Fandango already has you hooked. With the hate surrounding him BEFORE his television debut, the gimmick will work. Johnny Curtis is a made-man for years to come. This is picture-perfect for a wrestler trying to make his name.

However, for some wrestlers, they can’t just seem to gain a break with certain characters they are given. One in particular never got the respect he deserved as an in-ring competitor, despite the multiple gimmicks he was given and how hard he tried to make them work. This week in the Professional 3, I am here to give exposure to a man who more than deserved his fair. Ladies and gentlemen…THE PROFESSIONAL 3: Top 3 Brad Armstrong GimmicksPicture

First things first, I absolutely have to say I was a huge fan, believe it or not, of Brad Armstrong growing up. I have followed Brad since 1992, when inside my father’s WCW Magazine; there was a picture of Brad with Rick Steiner, celebrating backstage when Brad became WCW Light Heavyweight champion on July 5, 1992. Granted, I was intrigued more over the cool championship Brad had, but regardless, I instantly became a fan of Brad Armstrong just from one picture. Despite the crispness Brad had in the squared circle for a 20-plus year career, Brad wasn’t given the props he truly deserved. Although he was a WCW Light Heavyweight champion and had the respect of all the wrestlers in the locker room for being a solid technician, Brad always gets the vastly underrated label from a lot of fans. After putting a lot of thought into possibly why, it hit me suddenly like a flash in the night: he always got saddled with an awful gimmick in his exposure for television.

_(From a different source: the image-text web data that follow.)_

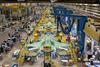 F-35-factory-assembly-line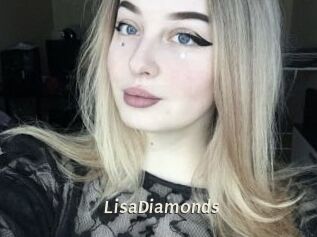 LisaDiamonds Blog éjac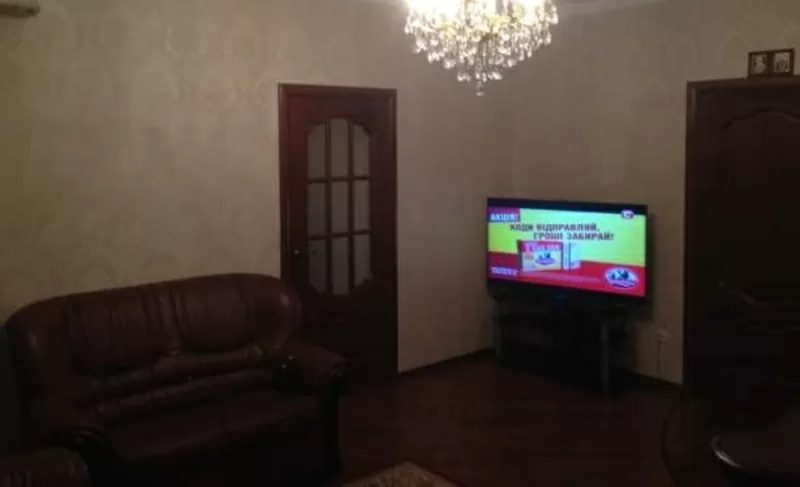 Продам 3к квартиру,  на ул. Рабочей в новострое,  (пересечение уральской 9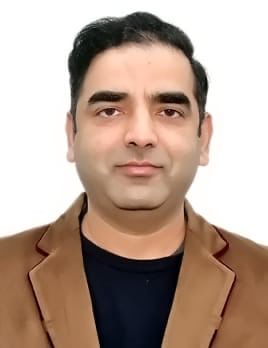 Shahid Anjum Awan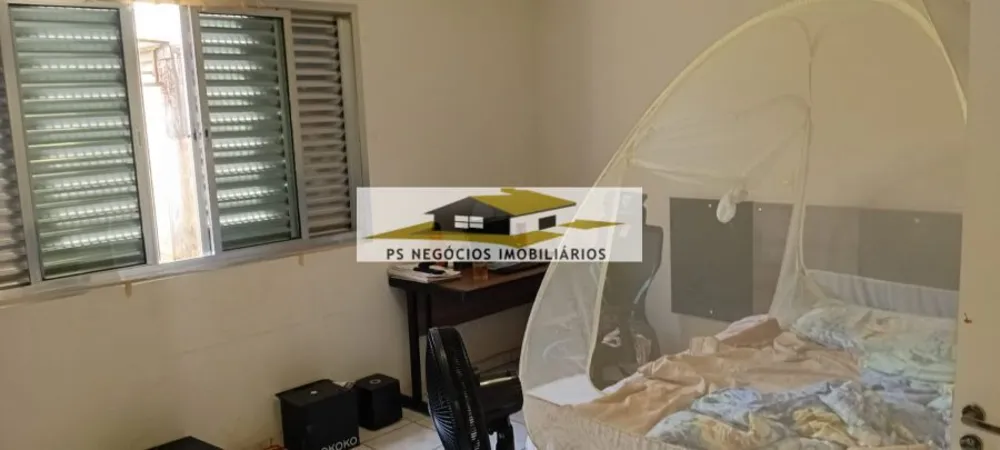 Sobrado, 3 quartos, 200 m² - Foto 10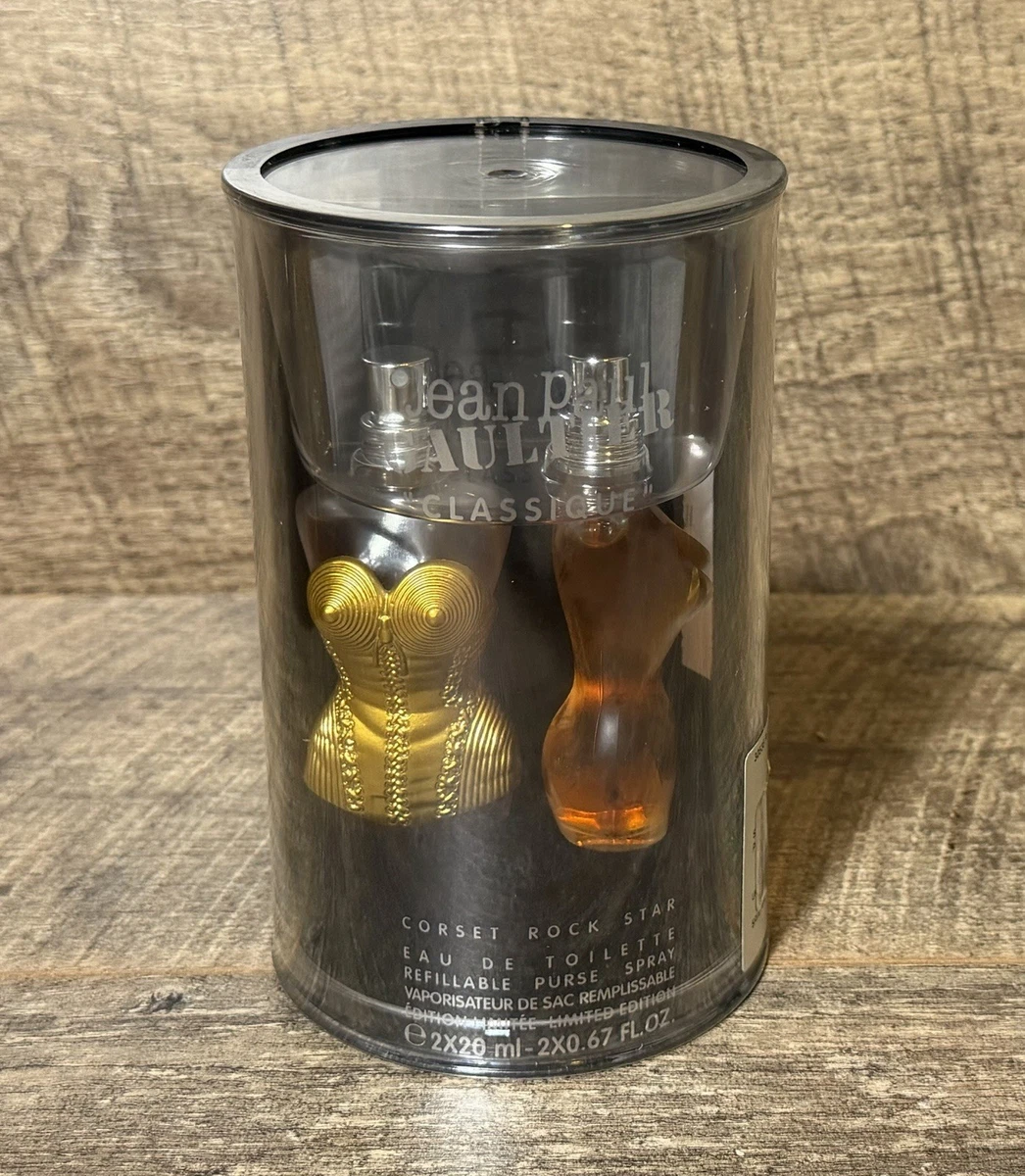 Jean Paul Gaultier Classique X for sale | eBay UK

Even before his Light Heavyweight championship run in the summer of ’92, Brad had received some absolutely ludicrous characters by the WCW booking committee. Even worse, his final two years before WCW closed were not any better in the character department. An impossible list of characters were given to Brad, and yet, he did his damnedest to make it work.

Here’s the deal with wrestling when it comes to making it in this crazy sport: Sometimes you have to work with what you’re given. Wrestlers are not always a fan of what characters they are forced to play, but to pay the bills and to get mainstream recognition, you make the most of what you are given. Trust me when I say, Brad definitely attempted to do his best with what he was given. This week in the Professional 3, I am here to list, in my opinion, the Top 3 Brad Armstrong Gimmicks. I had a lot of fun researching the majority of these characters, and it’s an honor and a privilege to give my take on these three.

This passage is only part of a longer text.